Growing high double digits each year for more than a decade in a brutally
competitve space, developed 4 hugely successful vehicles, first US auto
company to succeed (knock on wood) or grow to significant size (>700,000 cars
sold) since Ford, production constrained continuously, did this with almost
zero paid marketing, built global networks of dealers, service and chargers,
improved the state of battery tech by a multiple and doubled global li-ion
battery pack output, built 3 car factories, made electric cars economically
viable, _incidentally_ seriously wounded the car dealership model, succeeded
with qualitatively different software approach with OTA updates and tight
software integration, designed cars with hitherto unparalleled performance in
their class, and others that I couldn’t come up with on the spot.

This is only controversial because this is safety-critical tech and it’s
uncomfortable to see the development pains of consumer grade software affect
it. There’s no evidence that the approach have led to more injuries or deaths
than cars do in general, quite the opposite. Tesla cars are safer than
competition, the argument can be made that fast deployment is a net _win_
regarding safety. Even in the absence of any other things they have achieved.

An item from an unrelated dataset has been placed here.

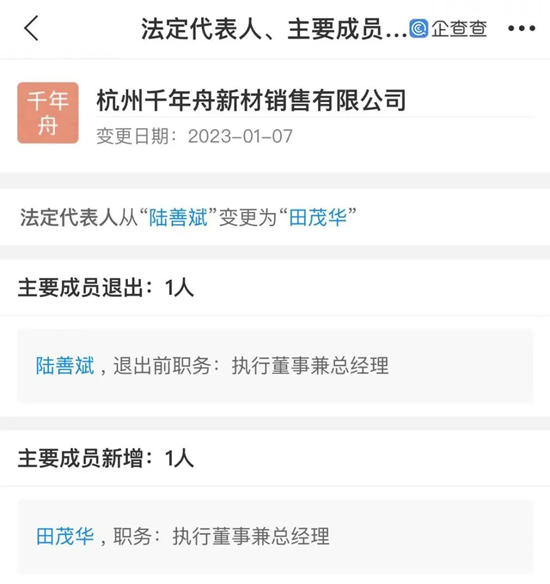 千年舟新材销售：法人代表由陆善斌变更为田茂华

I believe there’s also an element of envy, or misunderstood beliefs that the
best tech approach is taking things slowly. Yes, in isolation. But then market
forces will crush you because someone else was faster, or because you missed
the window of opportunity for making things so dramatically better that you
manage to unbalance the local maximum of the status quo.

[Edit: To everyone who downvotes this: For the sake of enlightening
discussion, could you please express your disagreement in words rather than
the downvote button? Note that I'm talking about GP's linked commentary on
Tesla's engineering mishaps in general, not this specific vulnerability].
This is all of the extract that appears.